> _WHAT IS NEEDED_:
Type out each entry exactly as it appears, but keep every image out.

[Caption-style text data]
[Start of section]

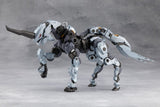Hexa Gear Plastic Model Kit 1/24 Blauregen 28 cm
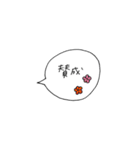吹き出しあいさつ〜敬語Ver.〜（個別スタンプ：16）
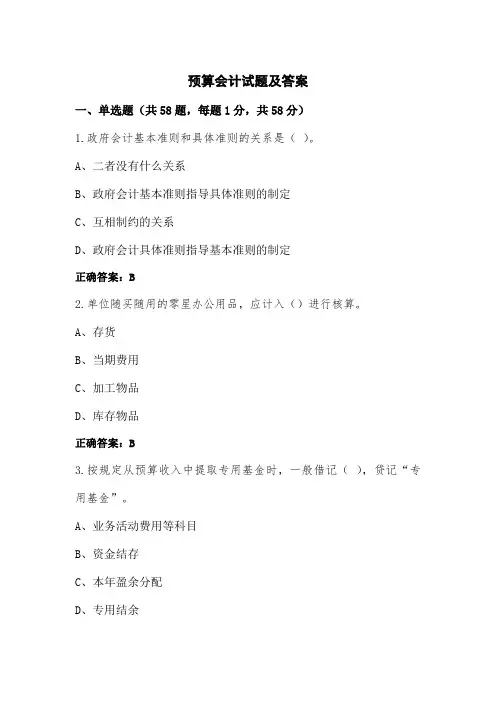 预算会计试题及答案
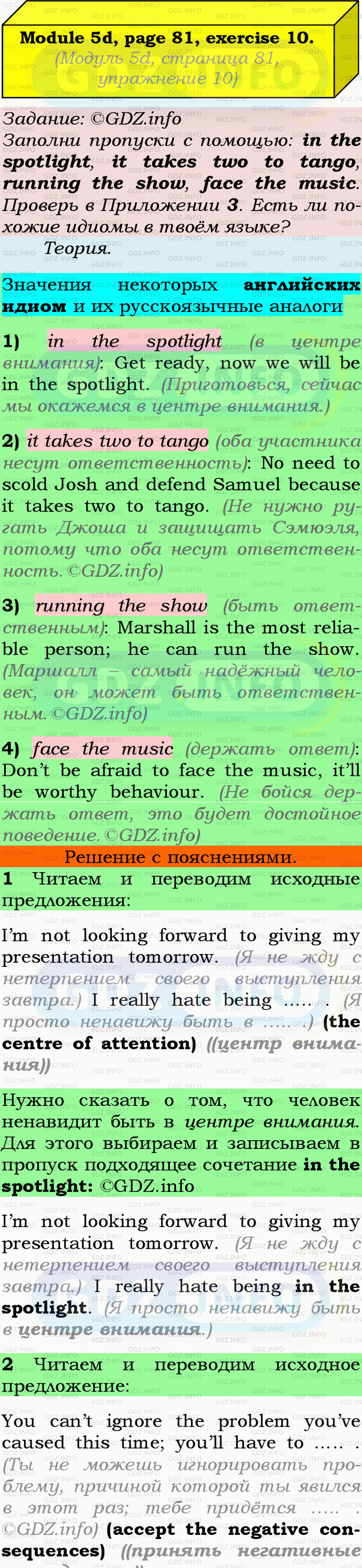 Фото подробного решения: Module 5, Страница 80-81, Номер 10 из ГДЗ по Английскому языку 9 класс: Ваулина (Учебник Spotlight)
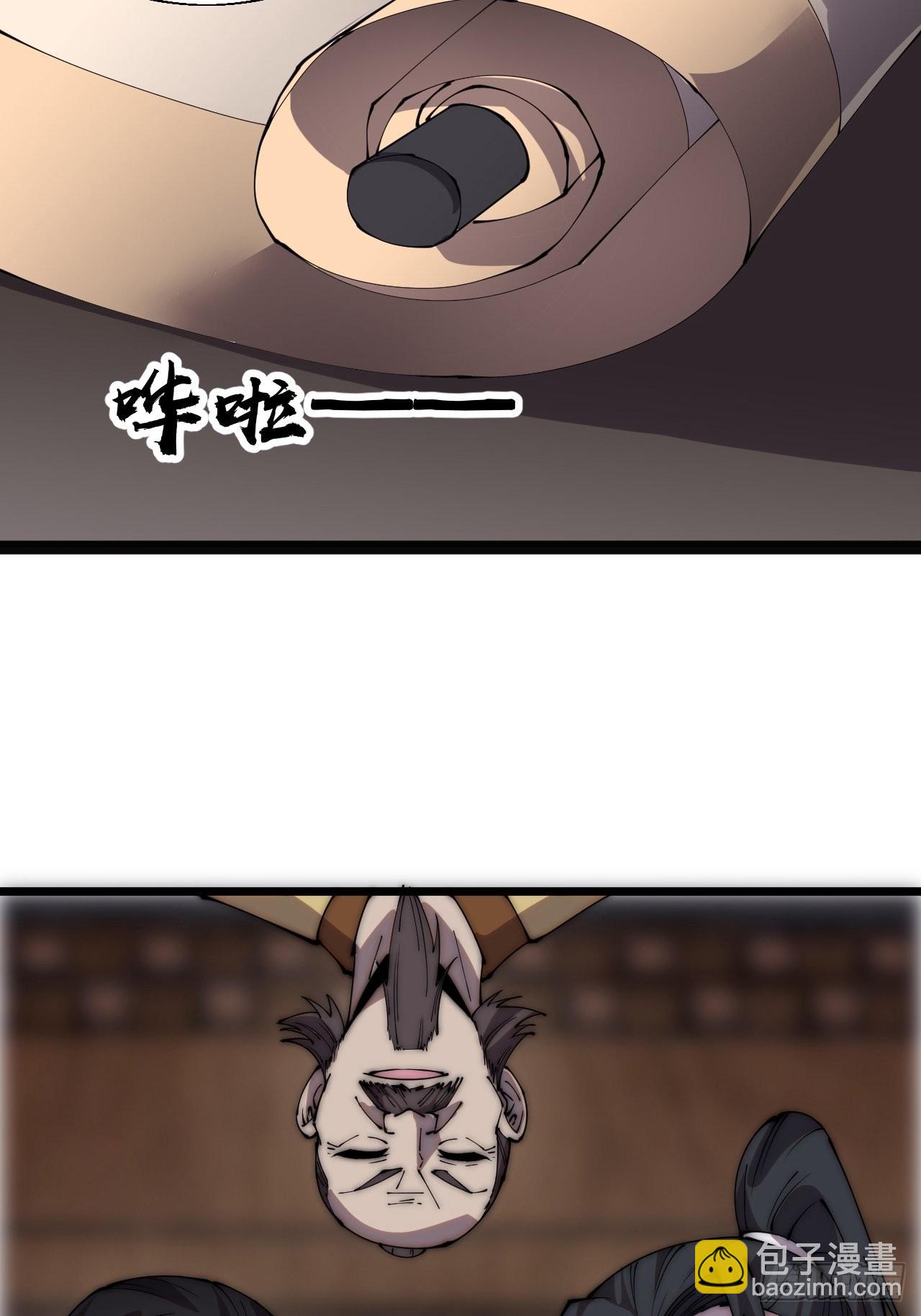 第三百四十三话：非告你不可！16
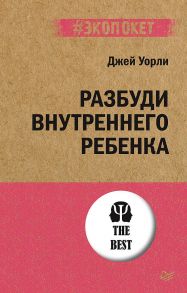 Разбуди Внутреннего Ребенка (#экопокет) - Уорли Д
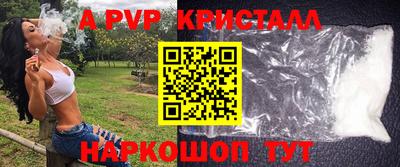 меф VHQ Чапаевск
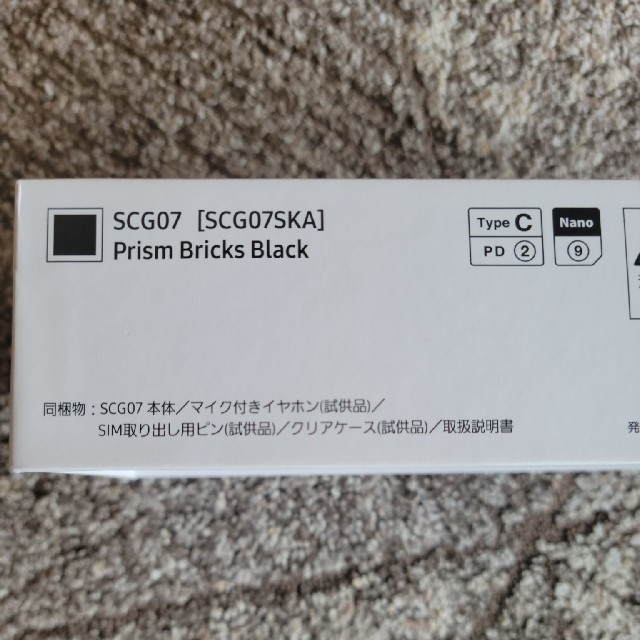 GALAXY A51 5G SCG07  ブラック 3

[End of section]

> _ANSWER TO THE PROBLEM_:
Hexa Gear Plastic Model Kit 1/24 Blauregen 28 cm
吹き出しあいさつ〜敬語Ver.〜（個別スタンプ：16）
 预算会计试题及答案
 Фото подробного решения: Module 5, Страница 80-81, Номер 10 из ГДЗ по Английскому языку 9 класс: Ваулина (Учебник Spotlight)
 第三百四十三话：非告你不可！16
 Разбуди Внутреннего Ребенка (#экопокет) - Уорли Д
 меф VHQ Чапаевск
 GALAXY A51 5G SCG07  ブラック 3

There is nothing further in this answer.